Now for some new content....

Category #1

Best 0cc artifacts

(other than mana producers, because those would steal the whole list)

Does anybody need me to explain that moxen, loti, and Mana Crypt are good? Good.

Zuran Orb     5    

Zuran Orb

It's fallen out of favor this last decade or so, but it had a pretty long time in the sun before that. It kept defensive decks alive. It let mono-black Necropotence decks draw more cards. And it formed a pretty strong combo with Balance.

It was also a go-to card when any internet debates started about whether life gain was good. Nobody really has those debates anymore, as there are a lot of obviously good life gain cards now, but there didn't used to be. No, we used to be stuck with Alabaster Potion and El-Hajjâj. And if you've never seen an Unholy Strength on an El-Hajjâj, you haven't been playing for as long as I have. (Or you've just never played the Shandalar video game.)

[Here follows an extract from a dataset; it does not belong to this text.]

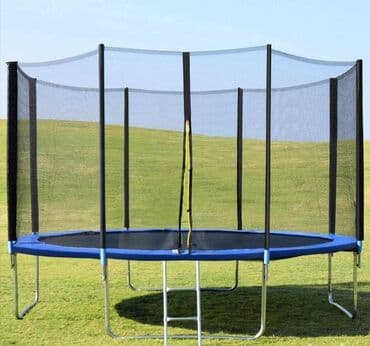 Potpuno nove tramboline po Spartanovom na lalafo.rs Potpuno nove tramboline po Spartanovom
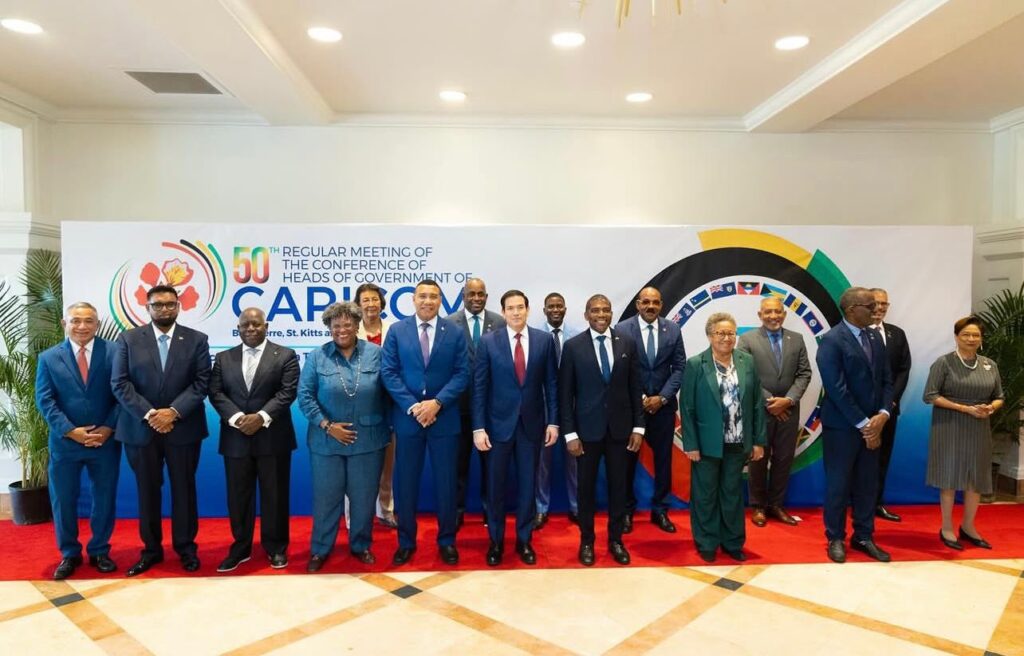 50th Regular Meeting of the Conference of Heads of Government of CARICOM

Side note: can you believe El-Hajjâj is not the only card to have a double-J in its title? Click here for the other.

             
Welding Jar     4    

Welding Jar

It's thanks partly to artifact lands and partly to 0-mana artifacts like Welding Jar that an affinity deck can get a first turn Frogmite and send it over on turn two wearing any number of equipment.

And unlike this card's spiritual successor Darksteel Relic, it had a use later on after we no longer needed its enabling. It could save our Arcbound Ravager's life! Welding Jar wasn't the splashiest card in a deck full of Skullclamps and Cranial Platings, but the fact that it was able to run alongside them at all is evidence of its strength. It played two important roles in a deck so broken it led to a historic nine cards being banned from standard! Of course, the monster still lives on in other formats.

             
Ornithopter     3    

Ornithopter

New players are confused by Ornithopter, and it doesn't take long before they deem it worthless. But if they stick around in the game even longer, they see that it actually has quite a few uses.

There are decks that put a Cranial Plating on their Ornithopter. There are decks that pump it up with Tempered Steel. And there were decks back in the day that used it to get a Turn Two Ninja of the Deep Hours connecting and drawing cards.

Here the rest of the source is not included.